Combinatorial Identity with Binomial Coefficients: $ {{a+b+c-1}\choose c} = \sum_{i+j=c} {{a+i-1}\choose i}{{b+j-1}\choose j} $

Question

I got the following identity from commutative algebra.

I am curious to see elegant elementary methods.

$$ {{a+b+c-1}\choose c} = \sum_{i+j=c} {{a+i-1}\choose i}{{b+j-1}\choose j} $$

Answer 1

It is just a case of Vandermonde's identity.

The LHS is the coefficient of $x^c$ in $\frac{1}{(1-x)^{a+b}}$, by stars and bars.

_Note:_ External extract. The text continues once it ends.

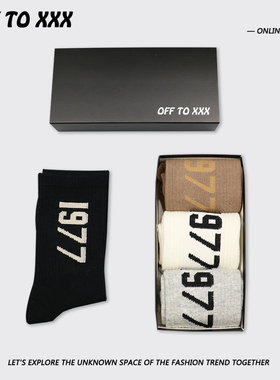 三双盒装FOG 1977潮牌袜子FEAR OF GOD 美式复古运动中筒袜潮男女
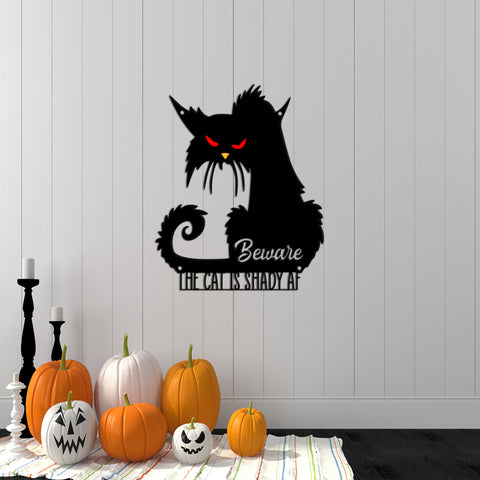 Custom Metal Halloween Pumpkin - Halloween Black Cat sign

On the other hand, $\frac{1}{(1-x)^{a+b}}=\frac{1}{(1-x)^{a}}\cdot\frac{1}{(1-x)^b}$, hence:

$$\begin{eqnarray*} \binom{a+b+c-1}{c}=[x^c]\frac{1}{(1-x)^{a+b}}&=&\sum_{d=0}^{c}[x^d]\frac{1}{(1-x)^a}\cdot [x^{c-d}]\frac{1}{(1-x)^b}\\ &=& \sum_{i+j=c}\binom{a+i-1}{i}\binom{b+j-1}{j}, \end{eqnarray*}$$ as wanted.

Answer 2

For variety's sake here is a slightly different approach. Suppose we seek to evaluate

$$\sum_{k=0}^c {k+a-1\choose a-1} {b-1+c-k\choose b-1}.$$

Introduce $${b-1+c-k\choose b-1} = {b-1+c-k\choose c-k} = \frac{1}{2\pi i} \int_{|z|=\epsilon} \frac{1}{z^{c-k+1}} (1+z)^{b-1+c-k} \; dz.$$

Observe that this is zero when $k\gt c$ so we may extend $k$ to infinity to get for the sum

$$\frac{1}{2\pi i} \int_{|z|=\epsilon} \frac{1}{z^{c+1}} (1+z)^{b-1+c} \sum_{k\ge 0} {k+a-1\choose a-1} \frac{z^k}{(1+z)^k} \; dz \\ = \frac{1}{2\pi i} \int_{|z|=\epsilon} \frac{1}{z^{c+1}} (1+z)^{b-1+c} \frac{1}{(1-z/(1+z))^a} \; dz \\ = \frac{1}{2\pi i} \int_{|z|=\epsilon} \frac{1}{z^{c+1}} (1+z)^{a+b-1+c} \frac{1}{(1+z-z)^a} \; dz \\ = {a+b+c-1\choose c}.$$

We can take $\epsilon \lt 1/2$ for the series to converge.

Answer 3

Using the identity $$ \sum_{j=0}^n\binom{n-j}{k}\binom{j}{m}=\binom{n+1}{k+m+1} $$ proven in this answer, we get $$ \begin{align} \sum_{i+j=c}\binom{a+i-1}{i}\binom{b+j-1}{j} &=\sum_{i+j=c}\binom{a+i-1}{a-1}\binom{b+j-1}{b-1}\\ &=\binom{a+b+c-1}{a+b-1}\\ &=\binom{a+b+c-1}{c}\\ \end{align} $$

Answer 4

Rewrite as $$\binom{a+b+c-1}{a+b-1} = \sum_{i=0}^c \binom{a+i-1}{a-1}\binom{b+c-i-1}{b-1},$$ which we can prove combinatorially by counting the number of $(a+b-1)$-subsets of $\{1,\dots,a+b+c-1\}$ in two different ways. The LHS is clear. To obtain the RHS, condition on the $a$th smallest element $a+i$. Then we must choose $a-1$ smaller elements from $\{1,\dots,a+i-1\}$ and the remaining $b-1$ larger elements from $\{a+i+1,\dots,a+b+c-1\}$.

Answer 5

Essentially, Marko Riedel's comment above. $$ \begin{split} \sum_{\substack{i+j=c\\i\ge 0,j\ge 0}}\binom{a+i-1}{i}\binom{b+j-1}{j} &=\sum_{\substack{i+j=c\\i\ge 0,j\ge 0}}(-1)^i\binom{-a}{i}(-1)^j\binom{-b}{j}\\ &=\sum_{\substack{i+j=c\\i\ge 0,j\ge 0}}(-1)^{i+j}\binom{-a}{i}\binom{-b}{j}\\ &=(-1)^c\binom{-a-b}{c}=\binom{a+b+c-1}{c} \end{split} $$